This spaghetti squash casserole incorporates all the great pizza flavors without the carbs and uber fatty meats typically piled on a meat lovers pie.
I married a meat loving cheese hater. There…I said it. It’s a wonder we’re still married, but I guess it’s true that opposites attract. Pizza is such a personal thing, and Mr. Cluster and I couldn’t be more different. He loves all the meats, and I love all the veggies. He also hates most cheeses, with the exception of mozzarella and parmesan (the dusty kind in a can). I think cheese should be its own food group. This casserole is a nice marriage of both our tastes. Spaghetti squash replaces the pizza dough and provides a big serving of veggies, while the turkey meatballs and pepperoni provide the manly meats.
The ingredients above are what I use for this recipe.
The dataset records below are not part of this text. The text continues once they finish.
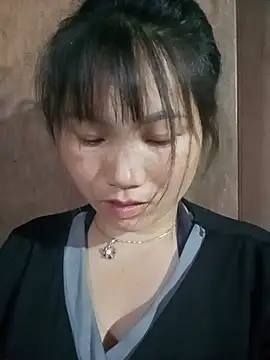 min-xinh online show from 05/12/26, 10:05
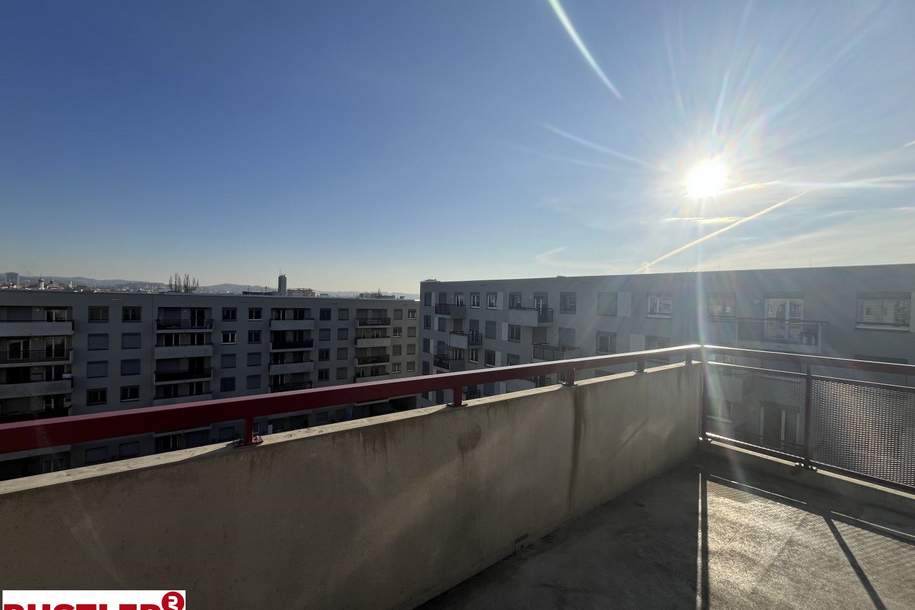 2 Monate gratis wohnen - neue Küche inklusive!, Wohnung-miete, 935,01,€, 8020 Graz(Stadt)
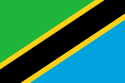 Swahili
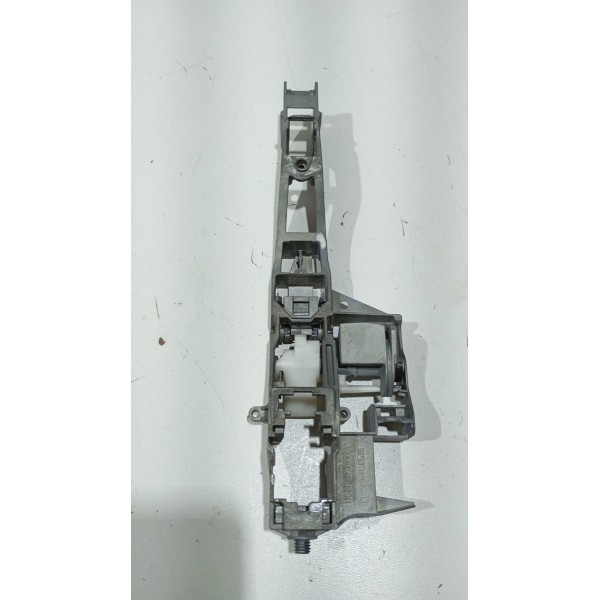 Suporte Maçaneta D.e Citroen C3 13 A 20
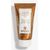 Sisley Super Soin Autobronzant Hydratant Corps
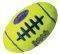 ΠΑΙΧΝΙΔΙ KONG AIR SQUEAKER FOOTBALL ΠΑΙΧΝΙΔΙ KONG AIR SQUEAKER FOOTBALL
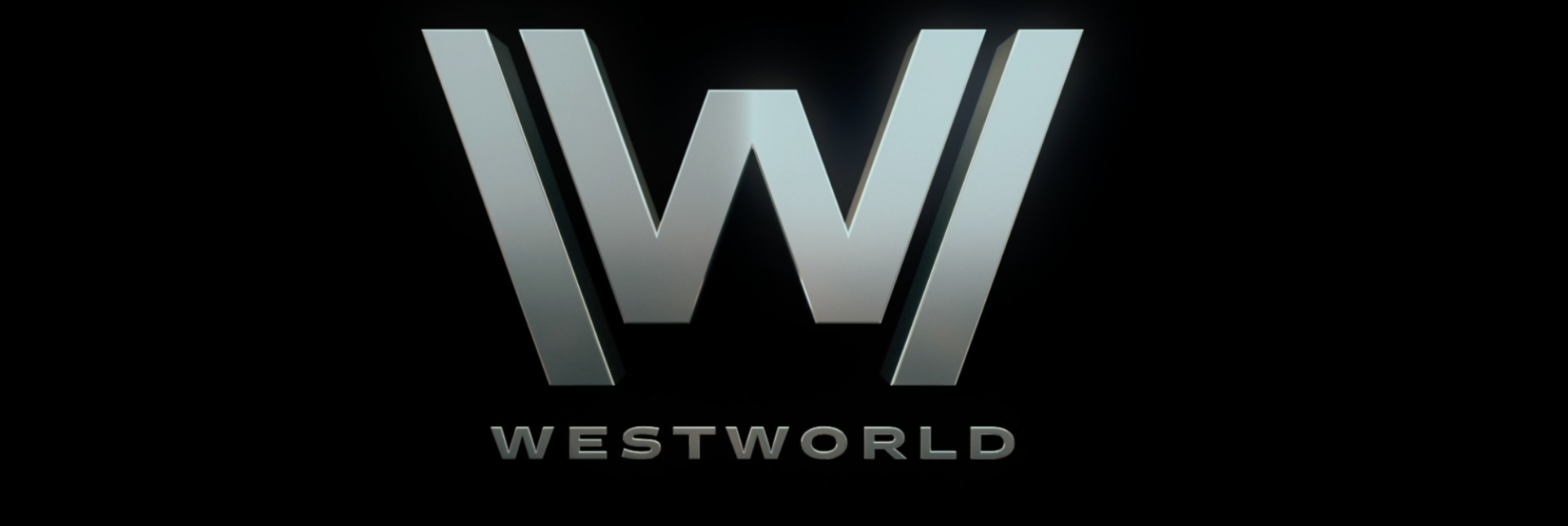 WestWorld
I’d been wanting to try a version of the WW 0 Point Crockpot Marinara sauce I’ve seen floating around. I used this recipe from Daily Dose of Pepper and it didn’t disappoint. The only adjustment I made was adding a teaspoon of liquid stevia to cut the acidity of the tomatoes just a little bit. And now I have a freezer stash of marinara! I was experimenting, but by all means you can use your favorite jarred sauce and be good to go.
And speaking of freezer stashes, I also used some of the Italian Style Meatballs I made earlier. I used half the balls from that recipe for this casserole, but again you could use frozen or pre-made ones as well to speed up the process.
I also cooked the spaghetti squash in my Instant Pot. Usually I microwave or roast it in the oven, but I wanted to test out the pressure cooker method. I placed the squash on top of the wire rack, added about 1 cup of water and cooked it on high pressure (sealed) for 15 minutes. I did not pierce the skin at all before cooking, and was 99% sure I would become the first person ever maimed and/or killed by an exploding squash. Not gonna lie, I’m still a little scared of the pressure cooker, but I like to live dangerously. To my pleasant surprise it did not blow up and the squash cooked perfectly.
Then everything is mixed together, topped with cheesy goodness and baked in the oven. This recipe, including cooking or assembling all the components up until the baking part, can be done in advance. The cooked leftovers also freeze well.
One problem with substituting spaghetti squash for traditional noodles is the expectation that it will taste like regular noodles. Sorry, but it won’t. Does that mean it isn’t awesome? Nope. I think once we stopped expecting lower carb substitutions to taste exactly like the real deal we began to appreciate them in a different way. No it isn’t pasta, but this pizza casserole tastes delicious. And I don’t tote around a bloated food baby for 24 hours after I eat it. I hope you like it as much as we do!